Но вообще я, слава Б-гу, не нахожусь с властью ни в каких отношениях и хочу, чтобы так продолжалось и впредь. Потому что советская власть, к сожалению, вынуждала меня находиться с ней в отношениях...

— Владимир Николаевич, а стихи вы писали только в молодости? Всем известна ваша песня «На пыльных тропинках далеких планет...»

— В молодости я писал стихи, но всегда хотел быть прозаиком. В 60-е годы я стал работать на радио и написал еще несколько песен. Мне казалось, что, как только у меня начнет что-то получаться в прозе, я эти стихи сразу же брошу. Осенью 61-го года я написал первую повесть, и как только ее опубликовали, я немедленно бросил писать стихи. И 25 лет их не писал. А через 25 лет начал снова, и теперь пишу одно-два стихотворение в год.

Кстати, известная песенка «Рулатэ», которая печаталась как «финская народная песня», на самом деле моя. В 60-х годах знакомый композитор привез оттуда мелодию и какой-то текст, который я совершенно не использовал, но написал так, чтобы легализовать песню:

Если к другому уходит невеста,

То неизвестно, кому повезло.

Строчки хорошие — для тех, от кого ушла невеста.

— В «Даре» Набокова герои рассуждают о том, что из литературы XIX века достойно войти в вечность. Что из русской литератeры XX столетия вы считаете достойным, чтобы войти в вечность?

— Надо прожить еще один век, тогда станет понятно. Думаю, Булгаков бесспорный кандидат, Зощенко, Гроссман. Платонов. Я говорю о прозаиках. О поэтах — Ахматова, Цветаева, Пастернак. Никаких новых имен я не назову.

— В последнее время вы стали рисовать. Скажите, эти «полюса», живопись и литература, усиливают друг друга, или между ними происходит борьба? К примеру, вы хотите рисовать, а тут что-то крутится на «писательском полюсе»?

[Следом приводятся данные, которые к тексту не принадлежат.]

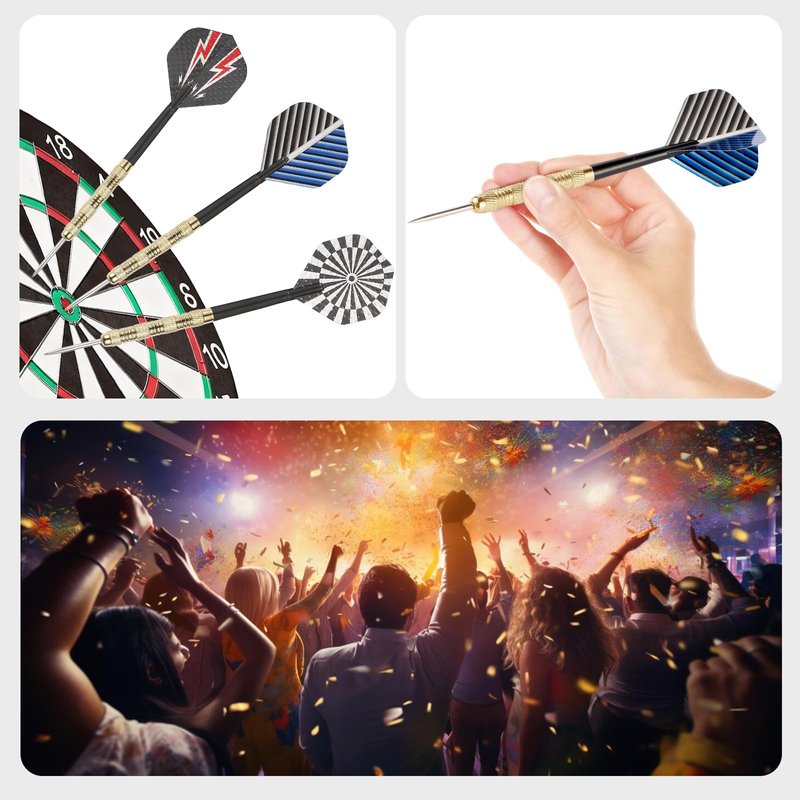 MaxMau 18 pcs Steel Tip Darts Set for Dartboard Metal Point Aluminum Foil Dart Flights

— Рисовать я начал поздно — мне было 62 года, когда я впервые взял кисть в руки. Думал: как хорошо — мне иногда надоедает писать, и я, как у Маяковского, «землю попашет, попишет стихи», — немножко порисую, немножко попишу. Но выяснилось, что не получается! Когда я впервые увлекся живописью, то три года ничего не писал. А когда вернулся к литературе, на время перестал рисовать. Оказывается, я не умею совмещать.

Я только что закончил свою последнюю книгу (американцы никогда не говорят «последнюю», а говорят «позднейшую», чтобы это не звучало фатально). Так вот, когда я писал свою позднейшую книгу, я не рисовал. Порой, мне хотелось отвлечься на живопись, но я должен был сосредоточиться. А теперь я хочу немного отвлечься от литературы. Буду рисовать.

В заключение вечера Владимир Войнович прочел две своих сатирических сказки — «Сказку о глупом Галилее» и «Сказку о голом короле».